Cassie really didn't like hospitals. They were worse than graveyards. Graveyards were where people put bodies. Hospitals were where people died.
Hope Community Hospital was not a particularly large hospital. Nor was it -- the building, at least -- very modern. The main building was a three-story structure that sat like a cube of concrete and stucco in the middle of what had become a city block when the city grew around it. It had originally been just that building, but at least twice in the past additional wings had been added onto it as the population it served grew, and now it sprawled over an area that could charitably be called a 'campus.' It had several lots situated at various entrances: there was one by the ER, at the back of the building. A couple more bracketed for each wing and provided parking for people who were seeing the specialists and private practices that operated out of them. And finally, a large central lot linked up to the front entrance of the main building.
It was the central lot that Curtis parked in, and fairly close to the hospital's main entrance, too. Cassie was just as glad: the boy Hans' wolf had bitten had most likely arrived via the back lot, but emergency rooms terrified her.

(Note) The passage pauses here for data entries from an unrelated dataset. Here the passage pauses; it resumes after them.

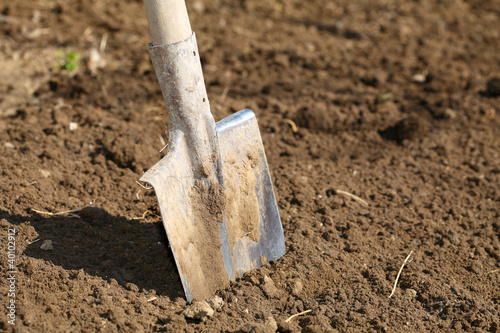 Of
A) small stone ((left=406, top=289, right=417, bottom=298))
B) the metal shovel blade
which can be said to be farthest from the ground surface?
the metal shovel blade

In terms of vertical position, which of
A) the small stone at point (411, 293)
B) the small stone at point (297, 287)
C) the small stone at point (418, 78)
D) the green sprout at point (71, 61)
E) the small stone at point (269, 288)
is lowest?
the small stone at point (411, 293)

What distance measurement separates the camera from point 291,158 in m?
3.23

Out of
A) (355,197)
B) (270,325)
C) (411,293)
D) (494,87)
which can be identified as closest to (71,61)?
(355,197)

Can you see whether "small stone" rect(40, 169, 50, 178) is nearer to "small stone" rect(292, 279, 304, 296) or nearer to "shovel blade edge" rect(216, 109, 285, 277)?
"shovel blade edge" rect(216, 109, 285, 277)

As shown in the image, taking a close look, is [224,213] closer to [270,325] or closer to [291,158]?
[270,325]

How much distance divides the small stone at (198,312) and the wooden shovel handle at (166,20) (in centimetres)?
116

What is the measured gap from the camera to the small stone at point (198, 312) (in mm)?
2092

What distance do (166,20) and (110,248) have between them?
3.74ft

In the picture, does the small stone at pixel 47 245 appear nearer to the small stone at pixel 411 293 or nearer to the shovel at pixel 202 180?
the shovel at pixel 202 180

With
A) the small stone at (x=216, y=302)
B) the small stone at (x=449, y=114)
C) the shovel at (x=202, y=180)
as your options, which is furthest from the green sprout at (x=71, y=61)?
the small stone at (x=449, y=114)

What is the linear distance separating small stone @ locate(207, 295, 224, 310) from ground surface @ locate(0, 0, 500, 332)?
0.03m

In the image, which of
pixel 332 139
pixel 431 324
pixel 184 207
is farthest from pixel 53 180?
pixel 431 324

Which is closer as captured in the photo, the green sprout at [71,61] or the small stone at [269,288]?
the small stone at [269,288]

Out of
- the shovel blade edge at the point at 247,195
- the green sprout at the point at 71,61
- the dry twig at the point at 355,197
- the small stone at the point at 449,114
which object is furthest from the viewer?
the green sprout at the point at 71,61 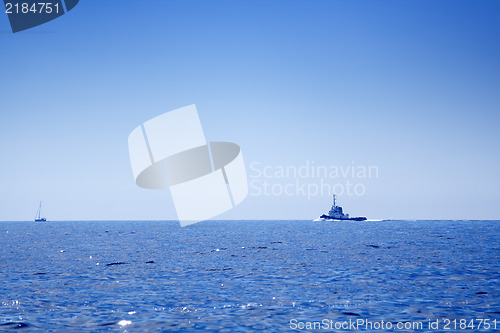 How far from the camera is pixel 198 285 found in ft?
99.8

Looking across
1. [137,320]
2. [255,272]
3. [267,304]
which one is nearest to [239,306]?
[267,304]

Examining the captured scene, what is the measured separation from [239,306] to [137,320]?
5643 millimetres

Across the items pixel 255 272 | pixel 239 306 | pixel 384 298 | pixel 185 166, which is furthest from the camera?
pixel 185 166

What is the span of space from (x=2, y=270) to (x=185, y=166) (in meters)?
22.3

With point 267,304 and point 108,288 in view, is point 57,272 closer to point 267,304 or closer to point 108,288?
point 108,288

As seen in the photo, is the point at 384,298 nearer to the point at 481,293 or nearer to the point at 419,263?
the point at 481,293

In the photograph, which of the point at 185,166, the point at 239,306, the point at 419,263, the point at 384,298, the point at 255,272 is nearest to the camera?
the point at 239,306

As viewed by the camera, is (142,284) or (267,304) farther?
(142,284)

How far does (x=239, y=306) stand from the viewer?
23438 mm

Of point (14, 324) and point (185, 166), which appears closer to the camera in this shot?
point (14, 324)

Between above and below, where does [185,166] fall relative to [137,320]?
above

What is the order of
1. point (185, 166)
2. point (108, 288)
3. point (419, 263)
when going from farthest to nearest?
point (185, 166) → point (419, 263) → point (108, 288)

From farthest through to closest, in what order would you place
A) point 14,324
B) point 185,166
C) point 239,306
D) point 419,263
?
point 185,166, point 419,263, point 239,306, point 14,324

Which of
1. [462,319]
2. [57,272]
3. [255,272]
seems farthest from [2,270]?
[462,319]
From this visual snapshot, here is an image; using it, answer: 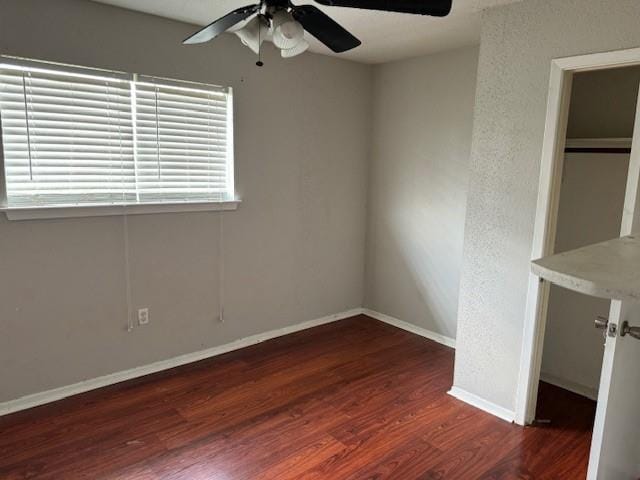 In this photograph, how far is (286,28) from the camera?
1.68 metres

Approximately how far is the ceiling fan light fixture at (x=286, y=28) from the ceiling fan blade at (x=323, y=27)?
0.13ft

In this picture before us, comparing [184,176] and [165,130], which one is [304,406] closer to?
[184,176]

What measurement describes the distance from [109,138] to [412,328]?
2822 mm

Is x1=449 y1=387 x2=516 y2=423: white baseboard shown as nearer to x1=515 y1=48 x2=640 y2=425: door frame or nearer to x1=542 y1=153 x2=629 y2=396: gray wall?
x1=515 y1=48 x2=640 y2=425: door frame

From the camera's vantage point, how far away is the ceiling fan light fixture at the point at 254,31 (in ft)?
5.83

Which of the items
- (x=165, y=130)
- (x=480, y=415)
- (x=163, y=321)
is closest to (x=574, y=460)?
(x=480, y=415)

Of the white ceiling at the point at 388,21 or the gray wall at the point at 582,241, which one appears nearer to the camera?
the white ceiling at the point at 388,21

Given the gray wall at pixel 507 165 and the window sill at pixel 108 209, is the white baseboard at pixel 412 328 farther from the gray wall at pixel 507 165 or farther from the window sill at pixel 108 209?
the window sill at pixel 108 209

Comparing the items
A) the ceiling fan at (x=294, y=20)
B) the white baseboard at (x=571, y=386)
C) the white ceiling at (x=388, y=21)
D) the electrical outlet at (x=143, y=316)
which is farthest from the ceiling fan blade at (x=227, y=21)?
the white baseboard at (x=571, y=386)

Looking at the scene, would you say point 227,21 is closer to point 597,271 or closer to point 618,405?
point 597,271

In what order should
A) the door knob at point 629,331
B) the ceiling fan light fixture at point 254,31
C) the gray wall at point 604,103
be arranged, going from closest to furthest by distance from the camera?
the door knob at point 629,331
the ceiling fan light fixture at point 254,31
the gray wall at point 604,103

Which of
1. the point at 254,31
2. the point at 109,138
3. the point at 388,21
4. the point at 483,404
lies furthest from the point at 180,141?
the point at 483,404

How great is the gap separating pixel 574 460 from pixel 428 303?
1.74 metres

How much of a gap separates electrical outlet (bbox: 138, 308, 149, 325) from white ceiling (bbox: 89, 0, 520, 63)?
1.89 m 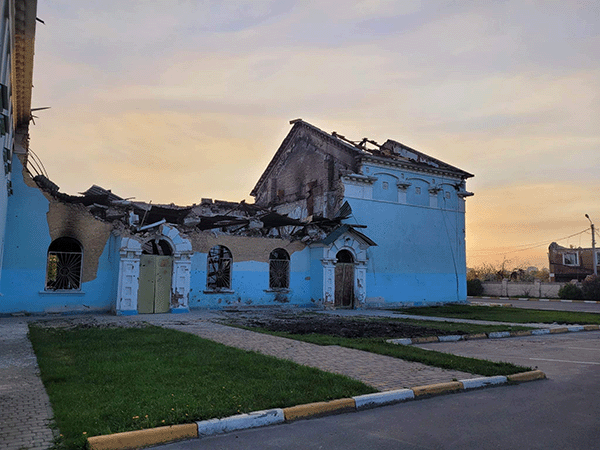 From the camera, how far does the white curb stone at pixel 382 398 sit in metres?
5.81

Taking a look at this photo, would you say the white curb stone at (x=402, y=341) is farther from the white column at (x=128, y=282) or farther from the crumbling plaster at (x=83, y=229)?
the crumbling plaster at (x=83, y=229)

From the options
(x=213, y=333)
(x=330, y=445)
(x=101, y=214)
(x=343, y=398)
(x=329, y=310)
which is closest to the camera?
(x=330, y=445)

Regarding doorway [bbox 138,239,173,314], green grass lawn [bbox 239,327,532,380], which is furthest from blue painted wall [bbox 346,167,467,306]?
green grass lawn [bbox 239,327,532,380]

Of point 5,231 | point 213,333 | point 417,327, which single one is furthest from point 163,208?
point 417,327

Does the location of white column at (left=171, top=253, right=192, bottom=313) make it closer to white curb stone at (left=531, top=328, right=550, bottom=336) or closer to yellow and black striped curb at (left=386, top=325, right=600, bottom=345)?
yellow and black striped curb at (left=386, top=325, right=600, bottom=345)

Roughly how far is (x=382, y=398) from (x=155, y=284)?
13.9 m

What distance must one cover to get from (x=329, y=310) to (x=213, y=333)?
35.8 feet

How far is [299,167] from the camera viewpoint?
2852 cm

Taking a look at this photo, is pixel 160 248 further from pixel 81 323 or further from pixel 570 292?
pixel 570 292

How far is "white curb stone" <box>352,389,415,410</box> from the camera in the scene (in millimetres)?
5812

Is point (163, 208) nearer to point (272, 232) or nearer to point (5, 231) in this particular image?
point (5, 231)

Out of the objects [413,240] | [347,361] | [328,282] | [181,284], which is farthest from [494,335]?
[413,240]

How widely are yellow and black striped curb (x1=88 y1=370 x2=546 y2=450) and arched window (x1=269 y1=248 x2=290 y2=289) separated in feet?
51.0

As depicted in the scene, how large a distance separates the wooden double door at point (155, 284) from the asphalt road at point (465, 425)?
13.9 metres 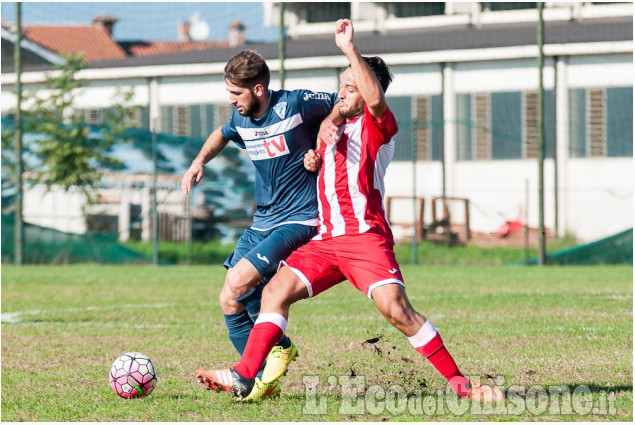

"We're here," Curtis announced unnecessarily. He reached over and gave Cassie's hand a squeeze. She gave him a sickly smile in return. She had been trying to distract herself by running her hand through Silver's spectral fur before Curtis had caught hold of it. It hadn't been a very successful endeavor, even before that.
Hans had already gotten out of the car. He had been very quiet on the drive to the hospital, other than making a call to update his friend John on where they would meet him. Cassie hoped that John didn't have far to drive -- and that she could find the information they needed quickly. She had no desire to stay here longer than necessary.
"You sure you're up for this?" Curtis asked. "We can always wait for Kels to go through the system. He has to know a cop or a physician or someone who can fake the authority to just call in and get the information we need."
"Yeah," Cassie agreed quietly. "But how long will that take? An hour? Two? It's already almost three, and the days are still shorter than the nights." She gave Curtis' hand a return squeeze and then let it go. Nothing would have pleased her more than not having to go into the building they were parked in front of, but that wasn't really an option if they wanted to find the victim of Hans' wolf in time. "I'll be fine," she said.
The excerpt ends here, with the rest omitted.